We will make the following **assumption**:  In the given data, the samples may be cleanly separated into k distinct groups over a set of features.

The issue is that, while this assumption tells us that there are k distinct "classes" of samples, we know nothing about their content/properties.  If we could find samples that were representative of each of the k groups, then we could label the rest of the samples based on how similar they are to each of the representative or prototypical samples.  Armed with this intuition, the goal of the k-means clustering algorithm will be to find these representative samples (prototypes) through an iterative process.

We can define such prototypes as either a:
- **centroid** – the average of similar points wrt continuous features (e.g. petal lengths)
- **medioid** – the most representative/most frequently occurring point wrt categorical features (e.g. discrete color labels, blue vs. red vs. green.)

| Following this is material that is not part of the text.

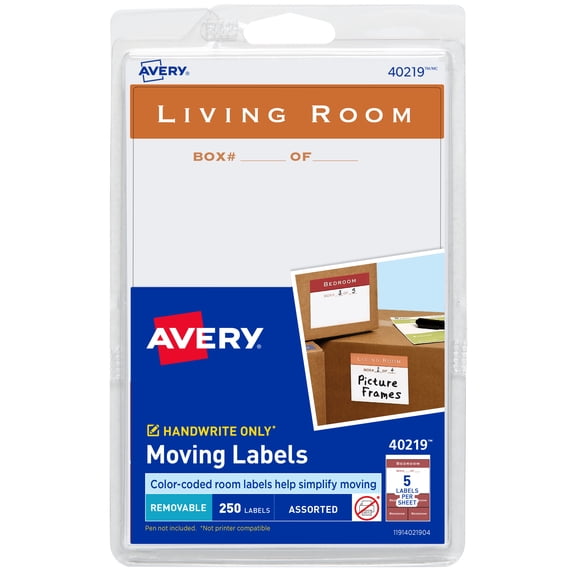 Avery Packing Supplies, Colored Self Adhesive Moving Labels, 4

## Step 1: Download and unzip the dataset

For this assignment you’ll use a dataset which clusters text articles from BBC Sports, by topic (athletics, cricket, football, rugby, tennis).  Download the preprocessed dataset from:

http://mlg.ucd.ie/datasets/bbc.html

(1) Download `bbcsport.zip` to your directory and (2) unzip bbcsport.zip into the four files contained therein. Leave these four files in your homework directory, i.e. do not put them in a data folder. You could also do this within your notebook using the `ZipFile` and `urlrequest.urlretrieve` packages. 

Look at the dataset's web page above to understand the role of each file.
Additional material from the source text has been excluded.